British bank Barclays announced on Wednesday that it has agreed to pay a total fine of 1.533 billion pounds (or $2.4 billion) to British and American regulators for the manipulation of foreign exchange and currency.
Barclays will pay $710 million to the US Department of Justice (DOJ), followed by the New York State Department of Financial Services ($485 million), the US Commodity Futures Trading Commission ($400 million), the Board of Governors of the Federal Reserve System ($342 million) and the British Financial Conduct Authority ($284 million).
"This is the largest financial penalty ever imposed by the Financial Conduct Authority (FCA), or its predecessor the Financial Services Authority (FSA)," Xinhua quoted FCA as saying.
Besides, three other banks -- JPMorgan, Barclays, Citigroup and RBS -- have agreed to plead guilty to US criminal charges, according to DOJ. The fifth bank, UBS, will plead guilty to rigging benchmark interest rates.

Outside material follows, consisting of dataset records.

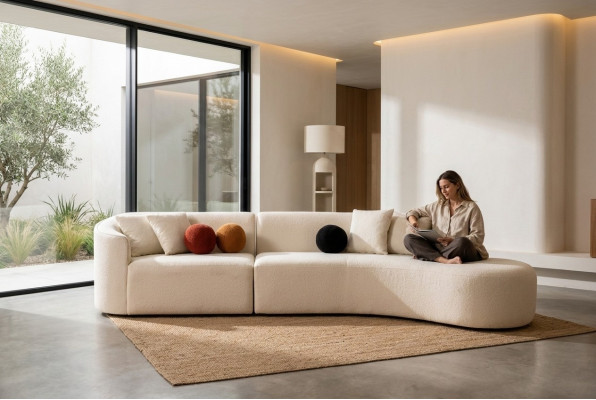 Canapé d'angle en coin blanc de designer Canapé modulaire en L Mobilier moderne Salon Suite d'angle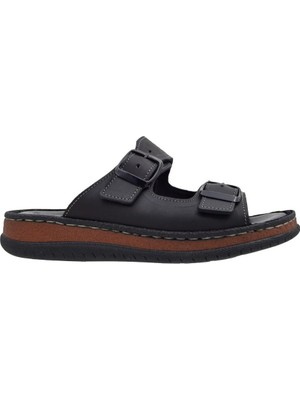 Ayarlanabilir Deri Comfort Kadın Terlik 2058 - Siyah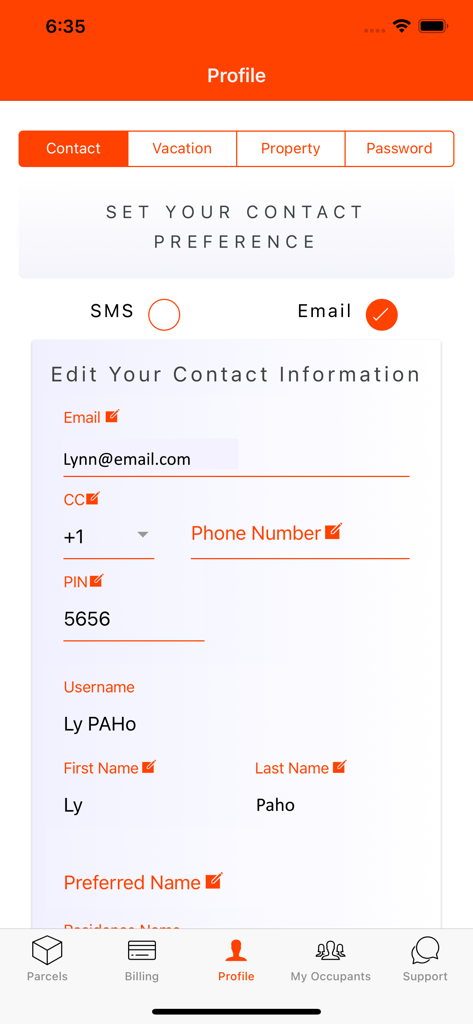 Profile screen of the Parcel Pending Mobile app showing contact information and notification preferences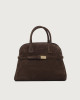Borsa Aura Peach Midi a mano in suede con tracolla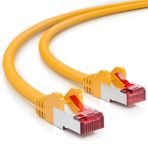 deleyCON 2m CAT6 Patch Kablosu S/FTP PIMF Korumalı CAT-6 RJ45 ağ Kablosu Ethernet Kablosu LAN DSL Switch Yönlendirici Modem Erişim Noktası Patch Alanları - Sarı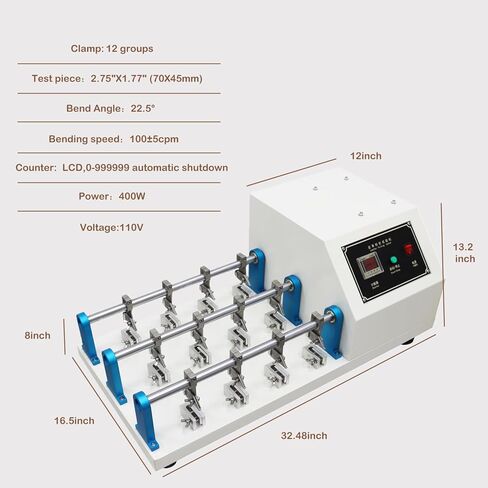 جهاز اختبار مقاومة الجلد القابل للطي 12 مشبك مع عداد LCD 100±5cpm 22.5° زاوية انحناء النسيج جهاز اختبار التحمل القابل للطي لحقائب الملابس العلوية للأحذية 110 فولت in Saudi Arabia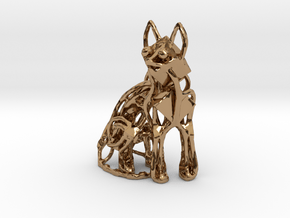 GeoCat Cat Pendant Charm in Polished Brass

Barclays was fined the most, as it did not join other banks in November to settle investigations by Britain, the US and Swiss regulators.
The five world's largest banks will pay fines totalling $5.7 billion for charges including manipulating the foreign exchange market.
Georgina Philippou, the FCA's acting director of enforcement and market oversight, said: "Instead of addressing the obvious risks associated with its business Barclays allowed a culture to develop which put the firm's interests ahead of those of its clients and which undermined the reputation and integrity of the UK financial system."
The US Attorney General Loretta Lynch said that starting as early as December 2007, currency traders at several multinational banks formed a group dubbed "the Cartel".
For more than five years, traders in "the Cartel" used a private electronic chatroom to manipulate the spot market's exchange rate between euros and dollars using coded language to conceal their collusion, said Lynch.
Their actions harmed "countless consumers, investors and institutions around the world", she said.